Par Michel Dufour
Date de publication originale : 2005 (Alire & M. Jobin)
Genres : Suspense financier, procédure policière
Personnage principal : Tony Wiley, escroc
Site de l’auteur : http://www.alire.com/Auteurs/Jobin.html
Je n’ai pas lu le premier roman de Michel Jobin, La Trajectoire du pion, prix 2002 du Salon du livre du Saguenay-Lac Saint-Jean. Cette année, au Salon du livre de Montréal, on m’a conseillé la lecture de ce dernier roman de Michel Jobin que je ne connaissais pas: la Maison d’édition Alire a produit plus d’une centaine de titres et plusieurs des auteurs auraient une réputation internationale bien méritée s’ils étaient plus connus en Europe. Probablement que Jobin ferait partie de ces auteurs. Né en 1968, formé en actuariat et en informatique, sans doute passionné de F1, amateur de bières et de bons vins, apparemment familier avec la Thaïlande et la nourriture asiatique, Jobin a cette capacité d’utiliser ses expériences et ses connaissances pour garantir la crédibilité de ses histoires et la consistance de ses personnages. Ça devient d’ailleurs un peu ironique que, pour se renseigner sur le genre de magouilles économiques qui déterminent réellement le devenir du monde, on ait intérêt à lire des polars (Pelletier, Jobin, Le Roy, Larsson et même Donna Leon), pendant que les émissions d’informations télévisées se repaissent de psychodrames politiques.

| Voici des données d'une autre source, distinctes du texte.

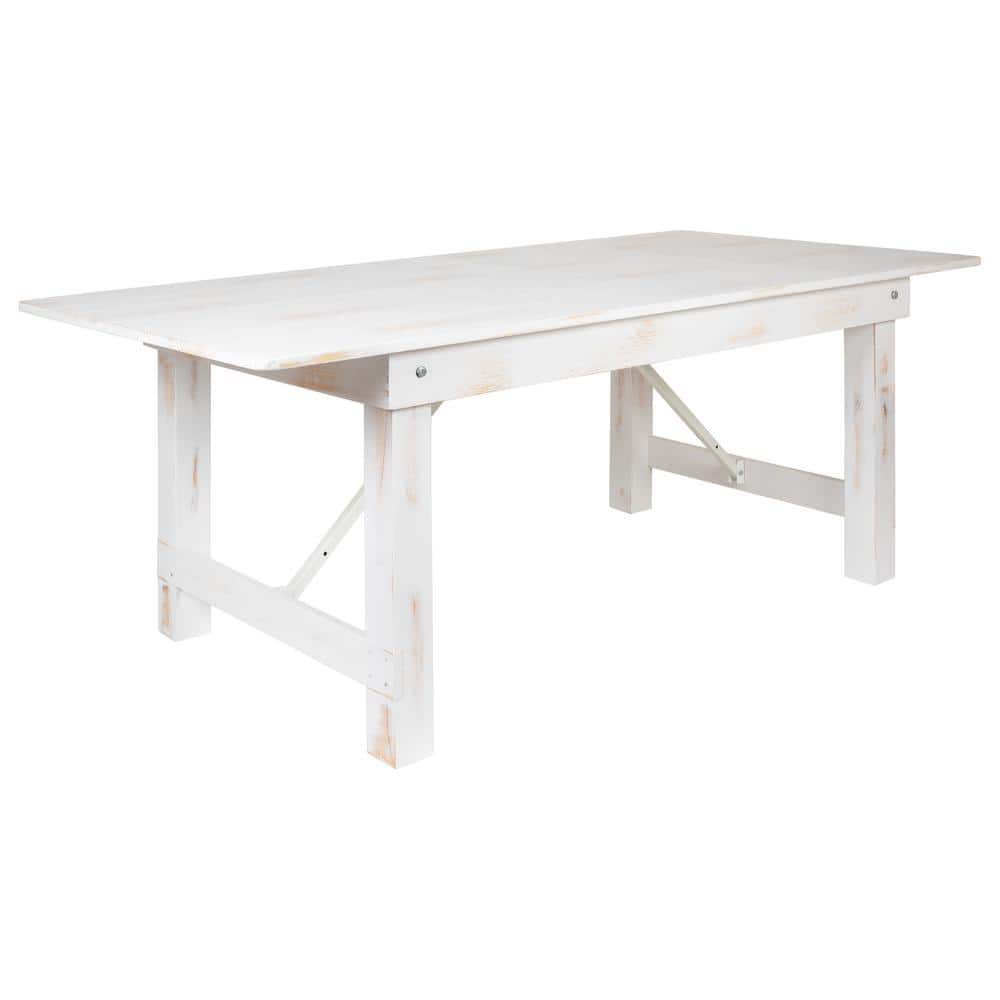 Carnegy Avenue Antique Rustic White Wood 4 Legs Dining Table Seats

Dès le début de l’histoire, j’ai été plutôt surpris de voir ce très québécois Bob Boudrias, tueur à gages, mêlé à l’assassinat d’un célèbre avocat londonien à Kensington Park, et dont on devine qu’il exécute un contrat d’envergure internationale. Très tôt, toutefois, la réticence se résorbe devant le modus operandi des deux malfrats, qui rappellent vaguement ceux de Pulp Fiction. Puis, ça décolle : Londres, Bangkok, Montréal. Pas à l’emporte-pièce comme chez Le Roy. Mais méthodiquement, stratégie des petits pas : présentation des principaux personnages sur leur lieu de travail, histoire d’une petite compagnie québécoise qui profite de la mondialisation pour se constituer en multinationale, biographie d’un petit truand devenu éminent criminel et homme d’affaires respecté des grands de ce monde. Contre lui, la GRC (Gendarmerie royale canadienne), le SCRS (Service canadien du renseignement de sécurité), Scotland Yard et la Police Royale de Thaïlande; mais ces honorables institutions sont handicapées par leur insertion, pourtant logique, à l’intérieur d’une autorité politique. De plus, les ruses des grands financiers pour faire apparaître ou disparaître l’argent tiennent des astuces de Houdini. Dans ce domaine, Jobin manifeste toute sa compétence. Pour certains lecteurs, c’est sans doute un peu long et didactique; pour d’autres, c’est indispensable pour bien comprendre les mécanismes utilisés par les magnats de l’économie et le sens des recherches policières.
C’est un peu le même monde que celui de Jean-Jacques Pelletier, mais on tourne les pages moins rapidement, et on va même relire certains passages. En simplifiant, Pelletier illustre les effets concrets des grandes magouilles, alors que Jobin décrit plutôt leurs mécanismes occultes, les dispositifs d’accumulation et de fuite ou de disparition des capitaux. Dans ce cas-ci, ce sont les corps policiers qui s’agitent mais, souvent, contre ce qui ressemble à des moulins à vent. Leur avantage vient de ce qu’ils peuvent parfois jouer la carte de la solidarité, facilitée par la communication électronique; alors que l’apparente solidarité des Méchants, fondée sur le profit immédiat et personnel, se fissure gravement quand le bateau menace de couler.
Comment Jobin parviendra-t-il à se renouveler après avoir décrit si minutieusement le monde de la finance? Et l’épilogue n’équivaut-il pas à une quasi-promesse de suite? Le fait de se poser ces questions ne signifie-t-il pas qu’on s’en ennuie déjà?